> **Available data**
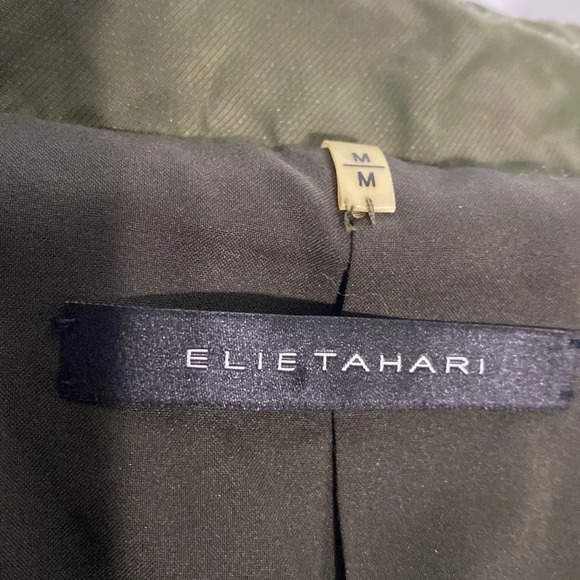 Elie Tahari Utility Army Green Gorpcore Hooded Grunge Streetwear Jacket Size M - Picture 10 of 11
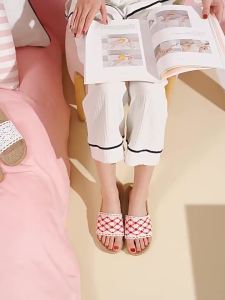 Santinu Summer Linen Slippers For Men And Women Couples Indoor Thick-Soled Non-Slip Home Sandals For Summer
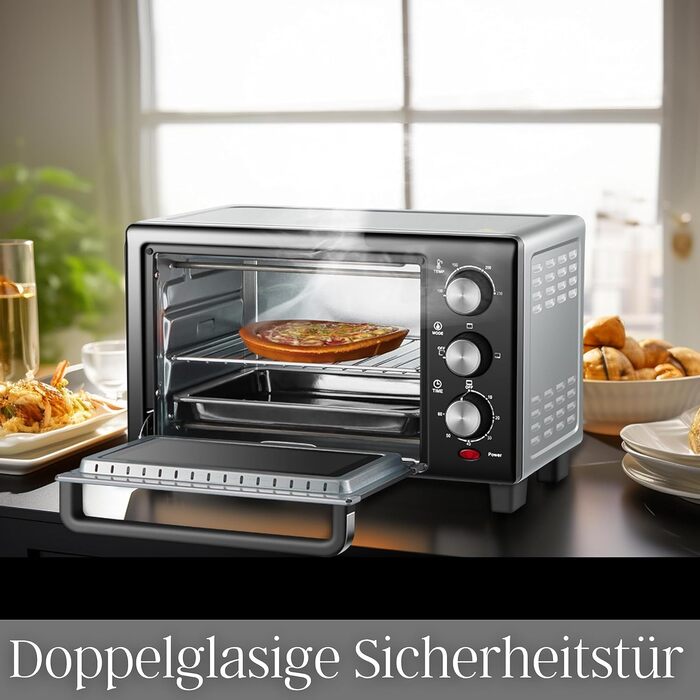 Міні-духова шафа 15 літрів Піч для піци Міні піч Таймер на 60 хв 100-230C 1200 Вт Духова шафа Лоток для крихт Міні-піч Кемпінгова піч Мала духова шафа Енергозбереження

> **Prompt**
Beginning with the line containing "Santinu Summer Linen" and ending with the last line of the material, output each line exactly; do not include pictures.

> **Reply**
 Santinu Summer Linen Slippers For Men And Women Couples Indoor Thick-Soled Non-Slip Home Sandals For Summer
 Міні-духова шафа 15 літрів Піч для піци Міні піч Таймер на 60 хв 100-230C 1200 Вт Духова шафа Лоток для крихт Міні-піч Кемпінгова піч Мала духова шафа Енергозбереження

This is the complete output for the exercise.